I imagine many people make a list of stuff they will need to take when they go on holiday: swimsuit, sunglasses, sun cream ….. bat detector, night vision googles, trail camera, GoPro camera and moth trap. Our packing list may not be 100% conventional, but for me these are all part of the fun of going somewhere new – essentials for discovering the wildlife in and around our holiday cottage. Last month in northern Lancashire, just south of the Lake District was no exception. The main target may have been the 2 new butterfly species in the last blog post, but we’re always keen to see what else is around.
In the end it was a bit windy for a lot of the week, so I only managed to put the moth trap out once, but it still produced some species that we’ve never seen in our own garden. This Mullein Wave was completely new to me, looking like a larger version of a Small Dusty Wave.
Then there were 2 purples – Purple Clay and Purple Bar, both new to me as the only purple we get at home is a Purple Thorn.
The rest of the moths in the trap were ones I had seen before, although in different proportions – lots more White Ermines than I ever get at home for instance. The Brown China Mark (below) was perhaps not surprising, given that their caterpillars are aquatic and we had a lake at the bottom of the garden at the holiday cottage.
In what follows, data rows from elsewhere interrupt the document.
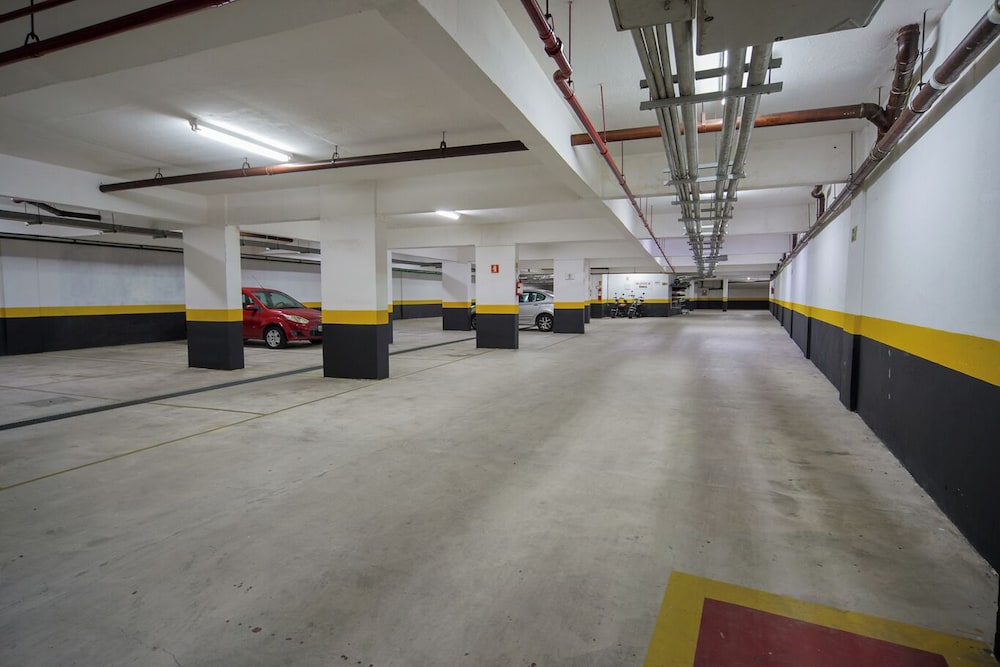 Apto pet Friendly c Churrasqueira a 100m da Praia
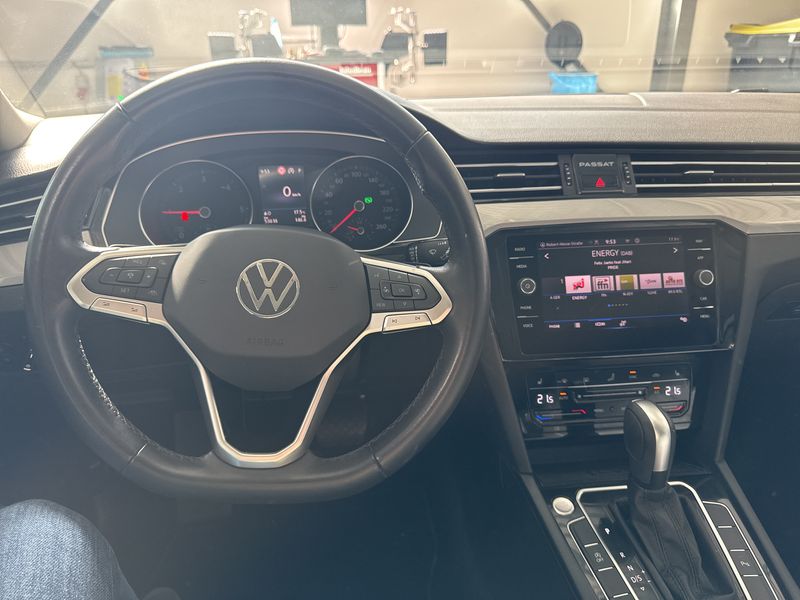 Volkswagen Passat 2.0 TDI Business — zdjęcie 11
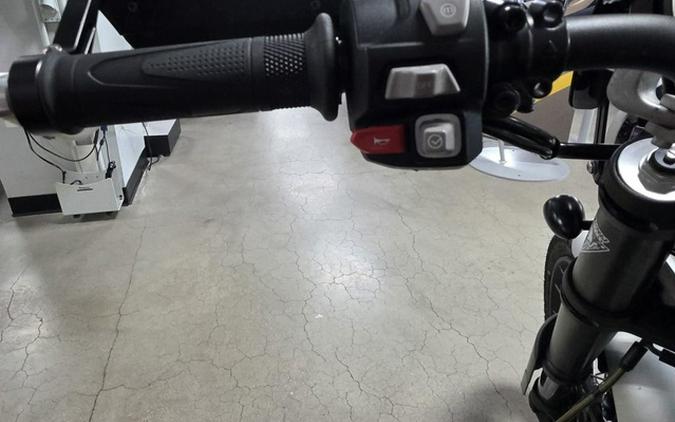 2019 Triumph Scrambler 1200 XC Brooklands Green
We tend to keep an eye out for moths as well as butterflies when we’re out on walks and were lucky enough to spot a few day-flying ones. The Cinnabar is common at home, but is still always a treat to see with its flash of red underwings.
The Marbled White Spot was a bit more of an unusual find for us at the Foulshaw Moss Nature Reserve.
I had initially noted the next moth down as a Brown Silver-line, but on closer inspection, decided it was a July Belle – another new species.
Mothy highlight for me though was finding this Clouded Buff up on Irton Fell – a stunning moth, that my poor photo doesn’t do justice to, but it shot off before I could get a better pic (and having used all my energy just getting up Irton Fell, I was in no state to chase it!).
Although we’d gone keen to see the Mountain Ringlet and Northern Brown Argus, any butterfly sightings are always welcome. This faded Pearl or Small Pearl Bordered Fritillary (if anyone can confirm which I’d appreciate it) was spotted at Warton Crags Nature Reserve.
This Dingy Skipper at Arnside Knott was also a nice addition to the week, as it’s a species we don’t see that often.
Small Heath butterflies were fairly common at a lot of the places we visited and several had the decency to pose nicely for photographs.
We were particularly pleased to find Large Heath butterflies at Foulshaw Moss, as we’d only seen them once before at Whixall Moss. Unfortunately it was blowing a gale at Foulshaw and then started to rain, so we didn’t get any really decent photos, but it’s definitely a site to go back to in the future.
Finally we also saw a lot of Large Skippers, also at Foulshaw, but in areas more sheltered from the wind. Large Skippers always seem quite happy to have their photos taken and several posed peacefully on the bracken.
Our holiday photos are perhaps as odd as our holiday packing list, we don’t take many of each other, just the wildlife around us – it is after all far more photogenic!